Directions for this task =>
In the listing that follows, retype every line from the first through the one containing "PMedinaVzla's tweet photo.". Pictures are to be left out.

Supplied information Start Marker

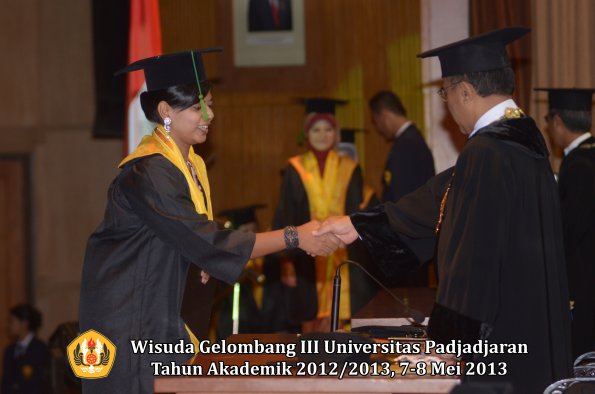 wisuda-unpad-gel-iii-ta-2012_2013-fakultas-kedokteran-oleh-rektor-217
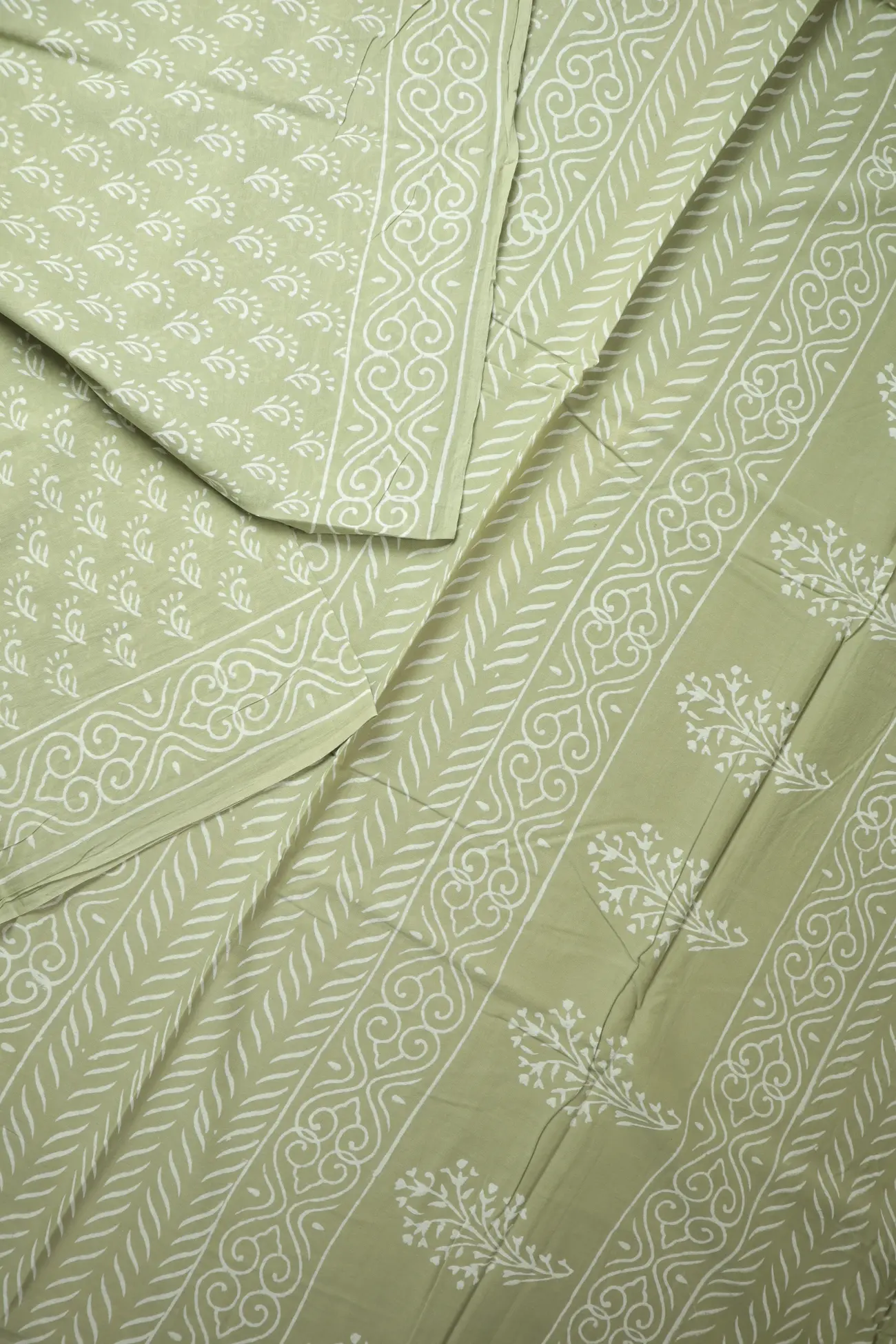 beige-flower-mulmul-cotton-saree-mm001990-b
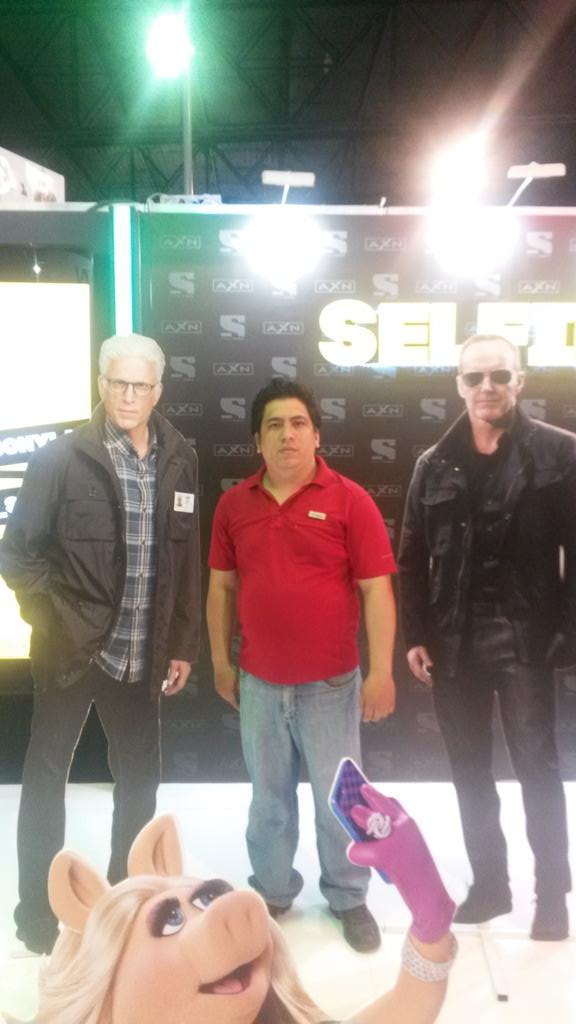 PMedinaVzla's tweet photo. #comicconsony https://t.co/BeqG7NAs2y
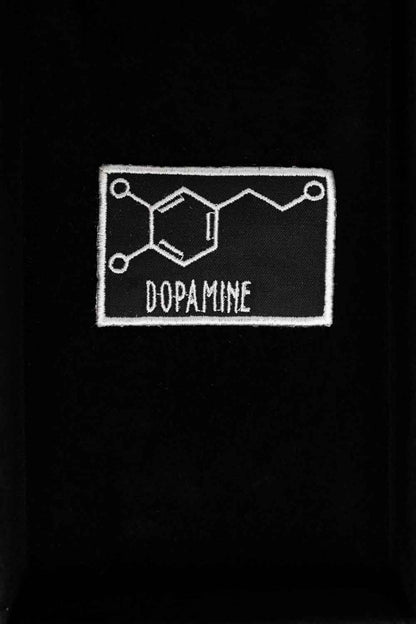 Patch brodat negru cu formula chimică a dopaminei în alb, un design inspirat de știință și chimie, potrivit pentru personalizarea hainelor sau accesoriilor.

Supplied information End Marker

Result =>
 wisuda-unpad-gel-iii-ta-2012_2013-fakultas-kedokteran-oleh-rektor-217
 beige-flower-mulmul-cotton-saree-mm001990-b
 PMedinaVzla's tweet photo. #comicconsony https://t.co/BeqG7NAs2y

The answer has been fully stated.